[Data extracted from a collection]
#####

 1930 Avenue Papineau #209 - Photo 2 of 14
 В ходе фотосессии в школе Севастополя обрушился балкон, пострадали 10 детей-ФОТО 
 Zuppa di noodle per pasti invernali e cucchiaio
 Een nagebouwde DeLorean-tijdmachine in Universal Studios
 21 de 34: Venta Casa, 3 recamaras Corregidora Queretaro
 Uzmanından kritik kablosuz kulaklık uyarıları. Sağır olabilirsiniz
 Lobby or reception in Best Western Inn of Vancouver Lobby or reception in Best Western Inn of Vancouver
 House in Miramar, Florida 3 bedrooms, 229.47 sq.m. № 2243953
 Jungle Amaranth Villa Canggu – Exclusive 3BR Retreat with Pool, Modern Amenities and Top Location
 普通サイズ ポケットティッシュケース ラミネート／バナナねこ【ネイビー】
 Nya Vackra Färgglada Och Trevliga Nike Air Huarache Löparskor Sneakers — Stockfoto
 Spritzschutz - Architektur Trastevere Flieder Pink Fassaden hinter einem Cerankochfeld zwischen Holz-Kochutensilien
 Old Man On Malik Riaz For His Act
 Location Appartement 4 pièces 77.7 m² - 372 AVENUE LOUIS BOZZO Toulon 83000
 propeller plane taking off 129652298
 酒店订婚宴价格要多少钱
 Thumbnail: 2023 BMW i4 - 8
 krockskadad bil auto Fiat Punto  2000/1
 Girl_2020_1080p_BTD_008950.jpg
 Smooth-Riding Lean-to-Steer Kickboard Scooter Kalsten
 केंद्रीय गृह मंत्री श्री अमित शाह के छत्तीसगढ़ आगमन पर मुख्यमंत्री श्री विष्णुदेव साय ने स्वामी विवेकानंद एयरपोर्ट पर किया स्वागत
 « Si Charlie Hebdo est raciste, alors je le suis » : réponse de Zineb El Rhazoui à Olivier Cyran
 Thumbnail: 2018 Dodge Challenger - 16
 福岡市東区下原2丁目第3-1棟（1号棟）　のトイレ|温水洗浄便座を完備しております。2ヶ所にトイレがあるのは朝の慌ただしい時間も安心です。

#####

■ **WORK TASK**: Line by line, reproduce the data exactly as given.

■ **ANSWER TO THE PROBLEM**:
 1930 Avenue Papineau #209 - Photo 2 of 14
 В ходе фотосессии в школе Севастополя обрушился балкон, пострадали 10 детей-ФОТО 
 Zuppa di noodle per pasti invernali e cucchiaio
 Een nagebouwde DeLorean-tijdmachine in Universal Studios
 21 de 34: Venta Casa, 3 recamaras Corregidora Queretaro
 Uzmanından kritik kablosuz kulaklık uyarıları. Sağır olabilirsiniz
 Lobby or reception in Best Western Inn of Vancouver Lobby or reception in Best Western Inn of Vancouver
 House in Miramar, Florida 3 bedrooms, 229.47 sq.m. № 2243953
 Jungle Amaranth Villa Canggu – Exclusive 3BR Retreat with Pool, Modern Amenities and Top Location
 普通サイズ ポケットティッシュケース ラミネート／バナナねこ【ネイビー】
 Nya Vackra Färgglada Och Trevliga Nike Air Huarache Löparskor Sneakers — Stockfoto
 Spritzschutz - Architektur Trastevere Flieder Pink Fassaden hinter einem Cerankochfeld zwischen Holz-Kochutensilien
 Old Man On Malik Riaz For His Act
 Location Appartement 4 pièces 77.7 m² - 372 AVENUE LOUIS BOZZO Toulon 83000
 propeller plane taking off 129652298
 酒店订婚宴价格要多少钱
 Thumbnail: 2023 BMW i4 - 8
 krockskadad bil auto Fiat Punto  2000/1
 Girl_2020_1080p_BTD_008950.jpg
 Smooth-Riding Lean-to-Steer Kickboard Scooter Kalsten
 केंद्रीय गृह मंत्री श्री अमित शाह के छत्तीसगढ़ आगमन पर मुख्यमंत्री श्री विष्णुदेव साय ने स्वामी विवेकानंद एयरपोर्ट पर किया स्वागत
 « Si Charlie Hebdo est raciste, alors je le suis » : réponse de Zineb El Rhazoui à Olivier Cyran
 Thumbnail: 2018 Dodge Challenger - 16
 福岡市東区下原2丁目第3-1棟（1号棟）　のトイレ|温水洗浄便座を完備しております。2ヶ所にトイレがあるのは朝の慌ただしい時間も安心です。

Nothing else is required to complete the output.